Edward Odes of Wits University, the lead researcher in the study, says it’s not known what the effect this non-life threatening tumour would have had on the adult naledi.

“It could have swelled up and caused a bit of discomfort,” he says.

He and his fellow researchers found the tumour using Micro CT scans and have published their findings in the latest copy of the International Journal of Paleopathology

The presence of the tumour may have made it difficult to chew. This is not the first tumour or cancer to have been discovered in the human fossil record.

Odes found evidence of osteosarcoma, an aggressive form of bone cancer, on a 1.7 million-year-old foot bone.

The foot bone was found at Swartkrans in the Cradle of Humankind. It’s not known if the cancer killed the individual.

Evidence for the earliest known bony tumour in human prehistory was found not far from the Swartkrans site at Malapa also in the Cradle of Humankind.

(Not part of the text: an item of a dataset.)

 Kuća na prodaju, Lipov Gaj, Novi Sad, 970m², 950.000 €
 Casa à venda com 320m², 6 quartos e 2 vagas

This tumour was discovered on the 1.98 million-year-old vertebra of an Australopithecus sediba child.

The tumour, believes Odes, probably made it difficult for the sediba to climb.

The latest tumour discovery is likely to help in our understanding of both tumours and cancers.

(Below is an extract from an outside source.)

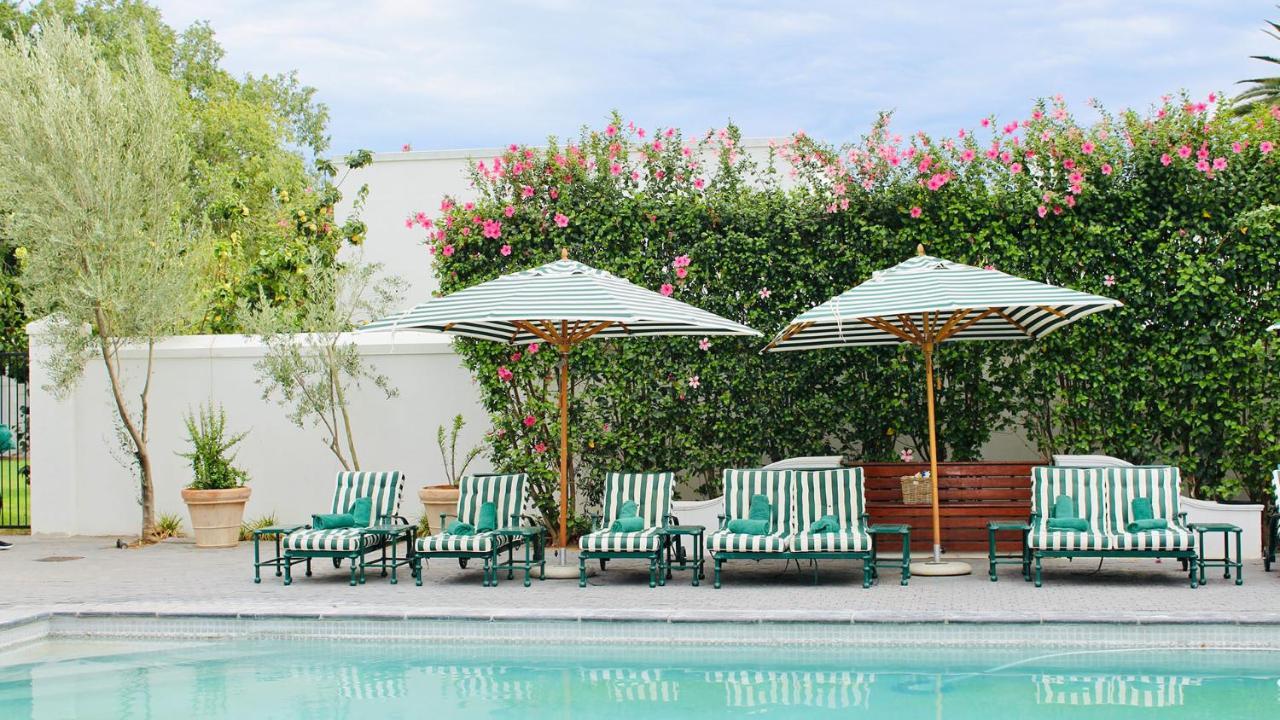 乔斯蒂酒店 Graaff-Reinet 外观 照片 The pool at the Hotel Bel-Air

“What this means is that cancers and tumours are not a recent phenomenon,” says Dr Patrick Randolph-Quinney, of the University of Central Lancashire in the UK.

“We tend to think of cancer in particular as being a recent condition. An estimated eight million people around the world die from cancer each year, making the disease one of the most common causes of death in modern humans, yet the origins of cancer have remained a mystery for many years.”

Randolph-Quinney added that many arguments around the causes of the disease blame modern lifestyles and environments.

“While it’s true that the number of people affected by different types of cancer has risen since the industrial revolution, groundbreaking research in 2016 found that the origins of cancer in the human family go back much further than we anticipated, in fact to almost two million years as we discovered last year with fossils from Swartkrans and Malapa caves,” Randolph-Quinney adds.

It was just over two weeks ago that scientists announced the date for the Homo naledi skeletons that were discovered in the Dinaledi chamber.

Through using various dating techniques, an international team of scientists were able to date the skeletons to between 236 000 and 335 000 years.

But what still baffles scientists is how the naledi individuals ended up in the cave system.

It’s been suggested that Homo naledi was placing its dead in the cave.

Odes says that there is no signs of trauma on the skeletons, and believes this would be unusual if this was some type of prehistoric cemetery.

“The remains were remarkably healthy; the question is what killed them off?”

Those well-preserved mysterious remains in the Rising Cave system could one day provide more insight into the long relationship we have had with cancer.

Some of these cancers, explains Odes, are caused by viruses, and traces of their existence might still lie with those skeletons.

“Inevitably, DNA is the next frontier that we are going to have to shoot for. That will identify viral signatures and disease markers,” says Odes.